#  Other Applications & Softwares  > Word Formatting & General >  >  Mail Merge wrong columns

## taichi56

I am using office 2007. I have a simple Excel file to import to word as a mail merge. But the mail merge is acting like it is starting at the first column and then moving forward, example.

Name: LastName, FirstName
ID: 
Date:

1   <1st>
2   <2nd>
3   <3rd>
4   <4th>
5   <5th>
6   <6th>
7   <7th>
Total Hours <TotalHours>

What is happening is the LastName, FirstName, ID and Date go in correctly. But then at the <1st> it starts with the lastName again, <2nd>FirstName <3rd>ID then <4th> starts with the next column. Cannot figure it out. Please help.

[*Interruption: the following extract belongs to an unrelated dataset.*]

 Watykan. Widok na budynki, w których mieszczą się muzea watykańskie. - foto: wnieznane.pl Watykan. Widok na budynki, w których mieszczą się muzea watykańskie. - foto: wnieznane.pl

Yes the Excel worksheet has the same fields inputted just like my word document.

----------


## teylyn

can you *zip up your word doc* and provide a small sample of your excel file? This will be hard to remote-troubleshoot without seeing the details

You can upload a file by clicking "Go Advanced" below and then the paper clip icon, but you must zip the word file, otherwise it will be too large to upload


cheers

----------


## taichi56

Thank you for the response. I figured it out even though I have not had this problem before. I am wondering if it is OFFICE 2007 dependent. It looks like my fields were referencing the columns starting with column A as number 1. When I changed my headers to words it worked. Example:

I made <1st> First , <2nd> Second so forth. Not sure why that happened. Do I need to change something in my options maybe?

----------